Australian taxpayers might soon be able to claim deductions for training and education programs unrelated to their chosen area of profession. Changes surrounding FBT exemptions for retraining and reskilling included in the recent federal budget have been implemented to encourage Australian workers to upgrade their skillset to make themselves more desirable to employers for a larger variety of different jobs.
Australian taxpayers are currently eligible to claim a deduction for self-education expenses when the education activity is connected to the income arising from the individual’s current employment activities.
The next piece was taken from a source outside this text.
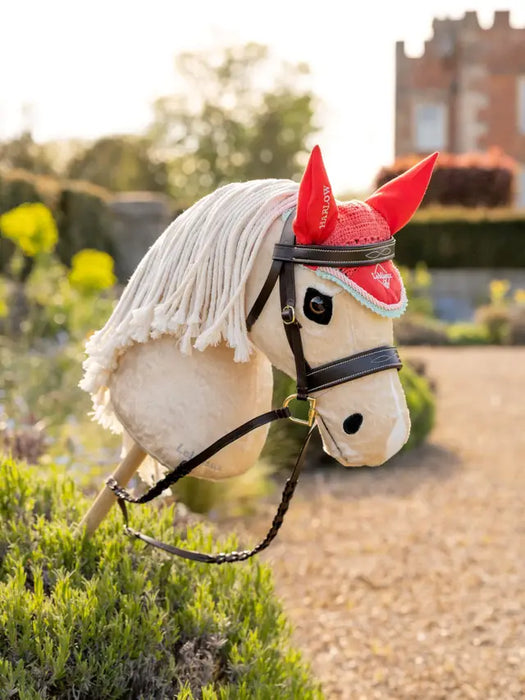 LeMieux Harlow Hobby Horse Fly Hood Coral Crush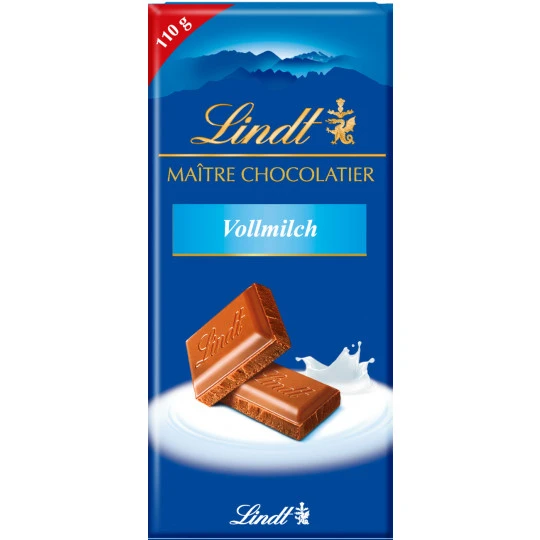 Lindt Maitre Chocolatier Vollmilch 110G 3 Lindt Maitre Chocolatier Vollmilch 110G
However, the Treasury is currently deliberating about making changes that will enable claims to be made on training courses that would have the capacity to enhance an individual’s employment prospects from outside their current profession.
The impact of the covid-19 pandemic has resulted in millions of Australians losing their jobs. For individuals who have been unable to find work after the pandemic, widening their skillset has the potential to play a vital role in getting them back into the workforce. There are almost 360,000 fewer jobs in Australia when compared to the number of jobs that existed 12 months ago. Currently over 900,000 Australians are still looking for work and over 1.5 million Australians are still on JobSeeker.
Due to the ever-evolving labour markets, millions of Australians are expected to work in multiple industries over the duration of their lifetime. Due to the emergences of new technologies, by the end of the current decade many Australians will most likely find themselves working in jobs that are yet to be created. This is evident as jobs such as a social media marketing practitioner didn’t exist in a world before Facebook.
Similar to countries such as Germany and Japan, Australia is starting to face the issue of having an ageing workforce. Due to the current closure of Australia’s international borders as a consequence of the current pandemic, many industries across Australia have suffered from the huge loss of skilled migrant workers who are unable to travel to Australia to work. In order to fill the void left by migrant workers, it is crucial for Australians to be retrained and reskilled to make themselves employable in these industries that are in desperate need of skilled workers.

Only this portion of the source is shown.